日本では元プロ野球選手の清原和博容疑者が、覚せい剤所持で逮捕されたというニュースがメディアを賑わしていますが、ここハリウッドでも薬物に手を出した過去を持つ大物スターがいます。えっ、この人も? という意外なスターにも、薬物使用の過去があったりします。そんな薬物使用の過去を持つスターたちをまとめてみました。
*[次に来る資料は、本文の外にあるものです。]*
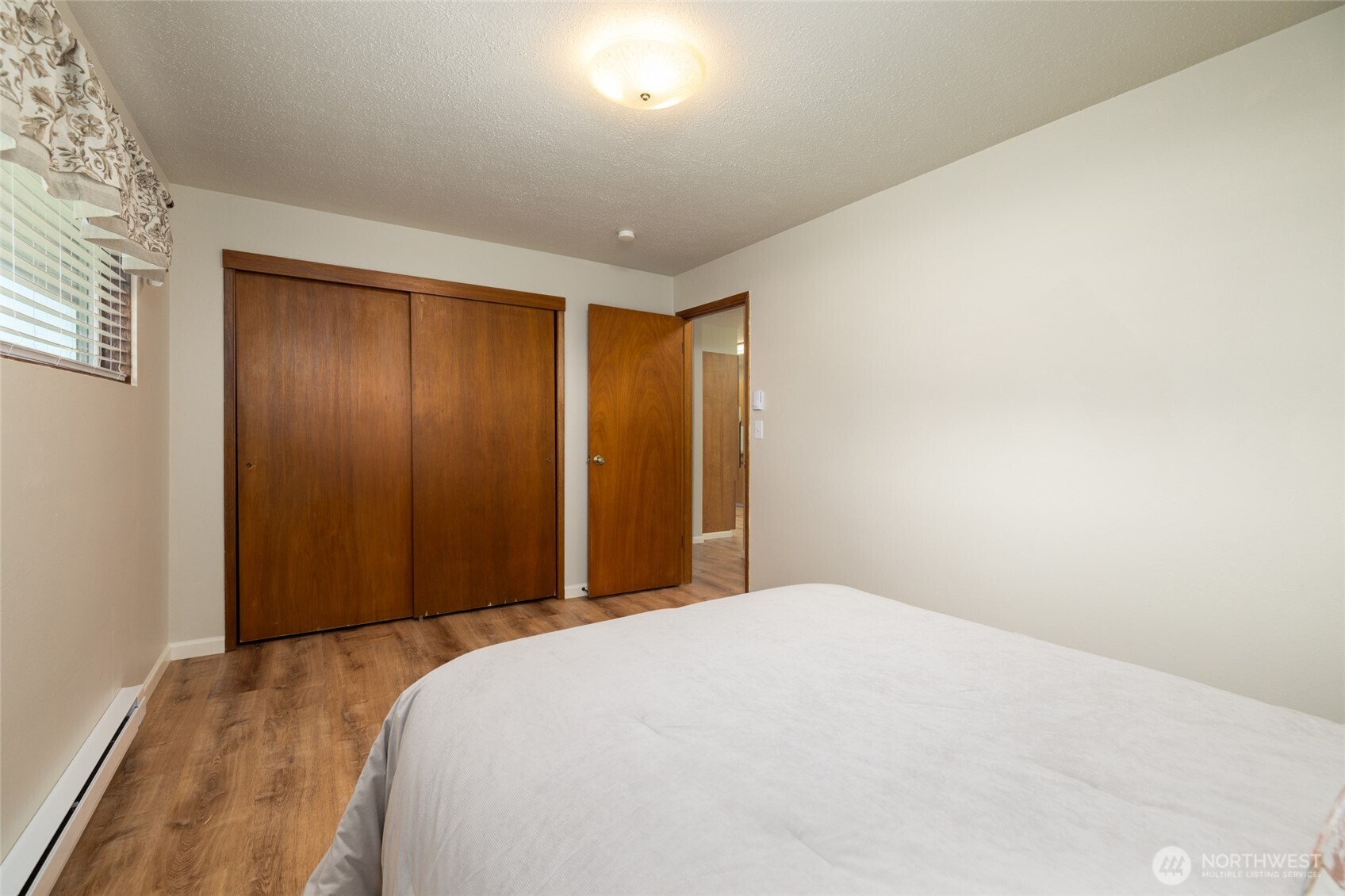 17150 Theodorson Lane , Mount Vernon, WA 98273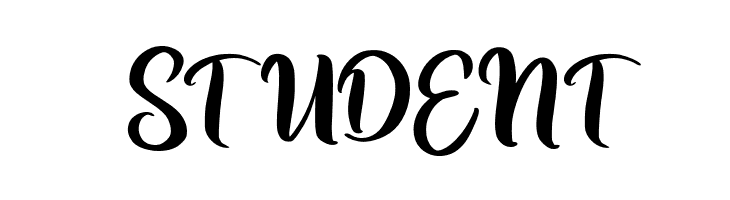 Jelita  Free Fonts Download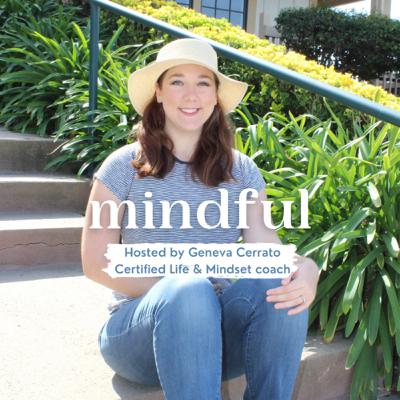 13. Money Mantra Meditation 13. Money Mantra Meditation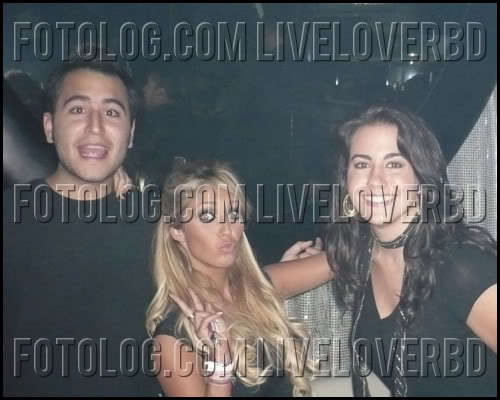 1232878410760_f - Anahi Peace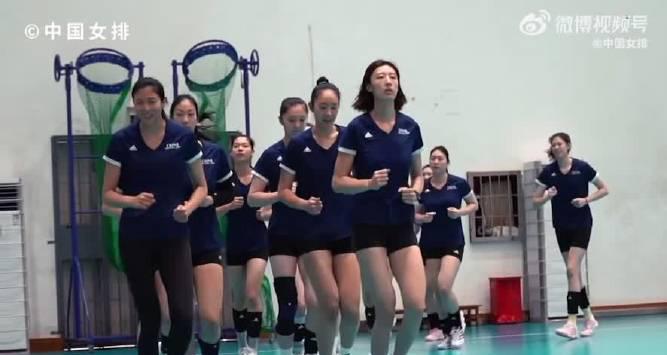Stuck Abroad When Chinese Volleyball Plays? Here’s Why Your Weibo Videos Keep Buffering
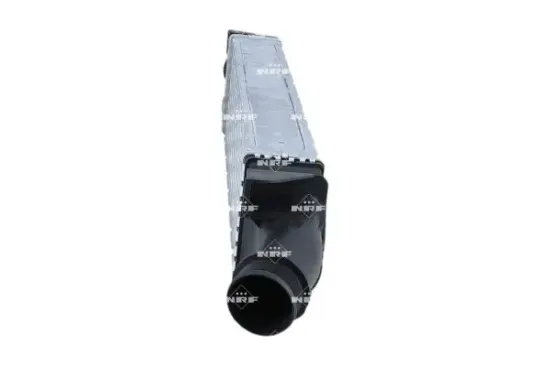 Ladeluftkühler NRF 309103 Bild Ladeluftkühler NRF 309103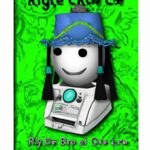 Zesty Cilantro Lime Rice Made Easy in Your Rice Cooker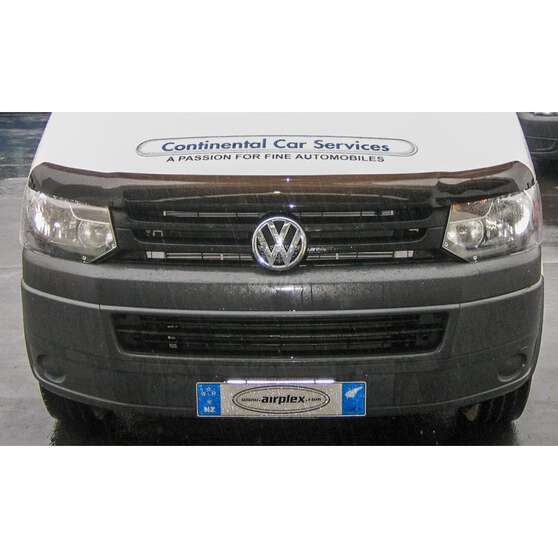 VW T5 2009+ (CLEAR), , scanz_hi-res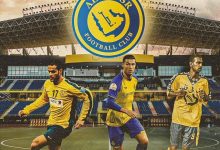 大发体育-利雅得胜利晒C罗、穆塔瓦&阿卜杜拉海报:各自国家队出场最多之人,大发助力你的致富之路!-博狗扑克 蜗牛扑克 德州扑克跟我学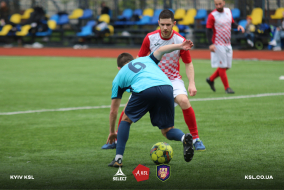 <a href="https://st.getinfootball.com/albums/1081141/64480abe8cd4a_1920.jpg" target="_blank">Завантажити оригінал</a>
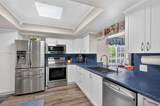 9291 11th Ct - Photo 15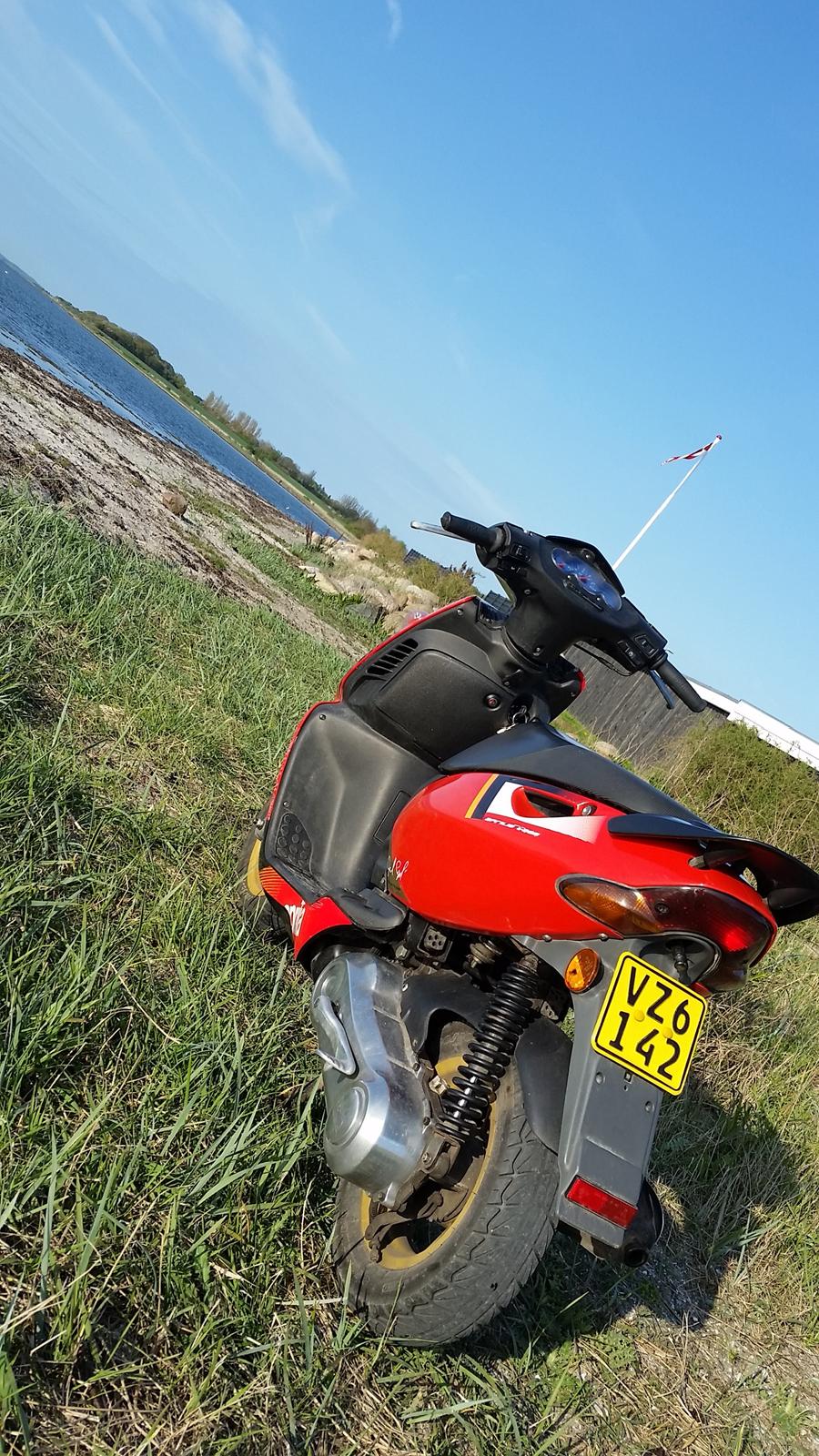 Pæne billeder af maskinerne billede 5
 まずは子役から。ハリウッドでは幼くして一躍有名になった子役の多くはその後、薬物に手を染めて転落人生を歩む傾向があります。ドリュー・バリモアもその1人。生後11カ月からテレビCMなどに出演していたバリモアは、7歳の時に出演した「E.T.」(82年)で一躍天才子役として脚光を浴びます。しかし、私生活では学校に通うことができずに勉強についていけず、大人ばかりの世界で育ったことで、9歳から飲酒や喫煙を始め、10歳になると大麻にも手を出したといいます。そしてなんと12歳でコカインを使用するようになり、その後は自殺未遂を起こす典型的なハリウッドの転落人生を歩んできました。しかし現在は、私生活では12年に結婚して1児の母となり、女優としてもヒット作「チャーリーズ・エンジェル」シリーズに出演するなどすっかり立ち直っています。子役といえば「ホームアローン」のマコーレー・カルキンも薬物中毒だったことで有名。2004年に規制薬物と大麻所持で逮捕されたほか、2012年にもヘロイン中毒で余命6カ月とナショナル・エンクワイアラー誌が報じるなど、常に薬物使用疑惑が付きまとっています。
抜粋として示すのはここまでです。